Pub owner Louis Sekgora said: “My business has not done well because my clients cannot drive here. This is now affecting my livelihood and I can only imagine the frustration of those residents who have had this inconvenience much longer.”
Selowa inspected the work as construction vehicles filled the trenches and made the engineers assure residents that by the end of Monday they would have cleared the flooded areas and made the roads drivable.
She further said that they were building about 5km of roads and stormwater infrastructure because the area had not had it. The area had a bit of a slight high water table and the ground soil was very muddy and moist. A 3.5km of stormwater infrastructure had been laid and it was just compacting the ground back together.
“I visited the area to ensure all safety precautions were followed to avoid instances of children being injured in the areas where work was under way and to also ensure that the process of providing a service did not negatively affect the community.
“The contractor had to compact the ground in three stages before tarring it, and the contractor was willing to make its construction camp site available for parking to residents who were unable to drive into their yards during construction,” said Selowa.
Mamabolo said the residents approached him about the issue over the weekend, when a team from the provincial government was maintaining and fixing the roads.

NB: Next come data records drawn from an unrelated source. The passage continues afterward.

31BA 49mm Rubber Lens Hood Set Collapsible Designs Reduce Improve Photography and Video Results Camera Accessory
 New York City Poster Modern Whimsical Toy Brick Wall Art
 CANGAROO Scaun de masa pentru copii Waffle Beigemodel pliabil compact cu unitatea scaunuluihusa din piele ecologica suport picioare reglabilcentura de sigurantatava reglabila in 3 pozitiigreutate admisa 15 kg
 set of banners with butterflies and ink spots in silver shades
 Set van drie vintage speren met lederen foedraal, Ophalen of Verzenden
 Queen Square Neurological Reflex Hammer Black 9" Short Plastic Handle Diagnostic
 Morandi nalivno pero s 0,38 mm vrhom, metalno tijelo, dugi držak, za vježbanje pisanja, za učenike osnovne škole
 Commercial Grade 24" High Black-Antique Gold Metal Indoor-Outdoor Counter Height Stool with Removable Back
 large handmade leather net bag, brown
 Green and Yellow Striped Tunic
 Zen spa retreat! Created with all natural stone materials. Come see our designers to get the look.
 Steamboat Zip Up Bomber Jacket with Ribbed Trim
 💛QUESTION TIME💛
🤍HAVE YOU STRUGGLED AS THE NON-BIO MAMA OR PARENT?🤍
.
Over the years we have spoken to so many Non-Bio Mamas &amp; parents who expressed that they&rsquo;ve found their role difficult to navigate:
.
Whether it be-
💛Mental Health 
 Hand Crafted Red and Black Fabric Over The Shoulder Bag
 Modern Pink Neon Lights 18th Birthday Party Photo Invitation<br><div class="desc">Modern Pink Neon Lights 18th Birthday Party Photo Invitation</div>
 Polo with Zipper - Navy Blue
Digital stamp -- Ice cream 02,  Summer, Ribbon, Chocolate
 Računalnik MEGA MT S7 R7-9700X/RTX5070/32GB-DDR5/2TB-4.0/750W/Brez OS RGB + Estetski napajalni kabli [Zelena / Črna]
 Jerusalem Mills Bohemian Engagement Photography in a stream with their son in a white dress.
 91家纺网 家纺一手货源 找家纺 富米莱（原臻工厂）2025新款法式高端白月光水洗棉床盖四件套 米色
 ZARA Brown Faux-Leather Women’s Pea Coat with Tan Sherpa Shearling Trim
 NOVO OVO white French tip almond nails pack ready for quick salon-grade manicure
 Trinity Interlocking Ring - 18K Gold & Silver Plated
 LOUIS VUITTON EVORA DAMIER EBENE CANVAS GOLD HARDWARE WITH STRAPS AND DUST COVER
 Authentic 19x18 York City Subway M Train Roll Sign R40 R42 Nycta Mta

He said,”We agreed that the engineering methodology and approach used were flawed because trenches had been dug in many areas and left open, while it took workers 60 days to complete work along a 200 metre stretch of road. This was in addition to needing to test the soil, which took 14 days.
“The workers should not dig up so many areas and leave trenches open as this created an insecure environment for children and motorists”.
In conclusion, Mamabolo conceded that the approach taken showed they did not undertake a proper risk analysis, did not take the rain into account, and did not erect sufficient signage.